One of the biggest frustrations for today’s traveller is access to power to recharge devices. Considering how much we need to keep powered, I am surprised that no one has set up a charging station network across the globe. In the meantime travellers have to earnestly ferret out power outlets, share, negotiate, bargain and beg.
On January 1st, I was in Queens Plaza Shopping Centre in Brisbane, Queensland eating my lunch. It is a shopping centre with the David Jones Department Store where I planned to do some shirt buying.

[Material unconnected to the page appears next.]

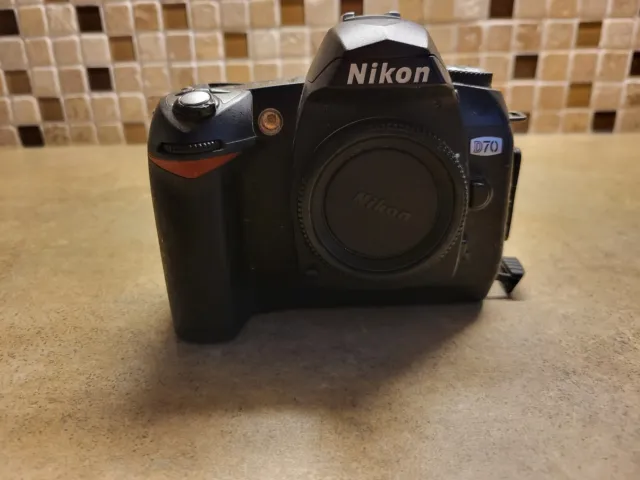 Nikon D70 6.1Mp Digital Slr Camera Body W1-6(15)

As I sat in the food hall, I plugged my laptop into an electrical outlet located right next to my seat and began typing. There were many such power outlets scattered around the food court. After a few minutes, a security guard called Omar, approached me and told me I was not authorised to use the Centre’s power. I advised him, that I did not realise this as I had not seen a sign. He told me to remove my power cord or he would do it for me and throw me out of the centre.
Annoyed at this inappropriately heavy handed approach, I asked him for proof of such a regulation. He looked like he was going to pick me and throw me out on the spot. He told me that the Centre could not put in writing every regulation that he had to enforce. I complied but left the centre and did not do any planned shopping there.
What is the etiquette here. In a public space are electrical outlets out of bounds? Could not a small sign be placed, advising customers that this indeed the case?
I also wonder in this time of great competition in the retail sector, wouldn’t shopping centres be doing all they can to make customers feel welcome? I felt most unwelcome at Queen’s Plaza and won’t be going back.